The statement comes after the unexpected vote against the remuneration at US banking giant Citigroup last week – which corporate governance pioneer Robert Monks has termed a “milestone” in the history of governance.And it follows an earlier letter in the same paper from charity groups urging investors to “take close interest” in how their fund managers deal with the executive pay issue.
It comes as the Local Authority Pension Fund Forum has advised its members to oppose the remuneration report at Barclays’ AGM on April 27, saying CEO Bob Diamond’s pay is “hard to justify”. “We believe the company needs a clear signal from shareholders that a different approach is required in future,” said LAPFF Chairman Ian Greenwood.
In other news, the UK’s opposition Labour Party has called for more disclosure about how asset managers vote on executive pay.

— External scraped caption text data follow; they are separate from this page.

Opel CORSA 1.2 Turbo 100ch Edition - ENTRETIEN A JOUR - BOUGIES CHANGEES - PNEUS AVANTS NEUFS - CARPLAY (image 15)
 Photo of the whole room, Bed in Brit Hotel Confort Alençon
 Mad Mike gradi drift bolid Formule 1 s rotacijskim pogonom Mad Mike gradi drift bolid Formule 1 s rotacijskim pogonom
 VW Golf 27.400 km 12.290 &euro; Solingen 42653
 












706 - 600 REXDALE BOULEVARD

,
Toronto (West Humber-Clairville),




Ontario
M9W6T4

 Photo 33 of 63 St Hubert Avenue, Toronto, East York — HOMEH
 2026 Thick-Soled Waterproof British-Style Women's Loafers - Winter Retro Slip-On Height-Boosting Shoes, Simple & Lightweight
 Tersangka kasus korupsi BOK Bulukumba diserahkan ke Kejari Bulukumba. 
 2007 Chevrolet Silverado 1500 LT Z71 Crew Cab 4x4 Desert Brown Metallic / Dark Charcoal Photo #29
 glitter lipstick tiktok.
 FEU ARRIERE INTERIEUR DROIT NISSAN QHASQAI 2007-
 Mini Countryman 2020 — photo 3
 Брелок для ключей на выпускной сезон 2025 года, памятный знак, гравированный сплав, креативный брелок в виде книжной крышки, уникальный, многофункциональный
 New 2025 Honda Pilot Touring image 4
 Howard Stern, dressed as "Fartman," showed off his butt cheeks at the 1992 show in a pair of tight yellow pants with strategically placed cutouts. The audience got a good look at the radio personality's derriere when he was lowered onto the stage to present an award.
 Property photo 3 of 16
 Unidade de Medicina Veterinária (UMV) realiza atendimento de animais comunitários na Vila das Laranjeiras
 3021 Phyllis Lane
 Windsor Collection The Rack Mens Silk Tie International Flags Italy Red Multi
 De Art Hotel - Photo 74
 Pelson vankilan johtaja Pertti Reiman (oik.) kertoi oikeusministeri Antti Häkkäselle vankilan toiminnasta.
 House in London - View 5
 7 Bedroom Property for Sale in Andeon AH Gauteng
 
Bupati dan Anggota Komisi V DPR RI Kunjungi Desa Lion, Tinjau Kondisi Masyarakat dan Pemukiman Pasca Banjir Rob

It has proposed an amendment to bring into force powers contained in the 2006 Companies Act – which would enable the government to require institutional investors and fund managers to publish information on how they exercise voting rights attached to shares in publicly listed companies.
“Making fund managers disclose how they vote on issues will mean the pensioner or the ordinary investor will be in a better position to access information on how votes are cast in their name on matters such as executive pay,” Labour Business Secretary Chuka Umunna said in a statement.

Signatories to Daily Telegraph letter:
Andreas Utermann (AllianzGI), Ossian Ekdahl (AP1), Peter Lundkvist (AP3), Michael Quicke (CCLA Investment Management), Bill Seddon (Central Finance Board of the Methodist Church), Richard Nunn (Church Investors Group), Bernadette Kenny (Church of England Pensions Board), Abigail Herron (Co-operative AM), Karina Litvack (F&C Asset Management), Colin Melvin (Hermes EOS), David Blood (Generation), Ian Greenwood (LAPFF), Frank Curtiss (Railpen), Richard Maitland (Sarasin), Sarah Smart (Pensions Trust).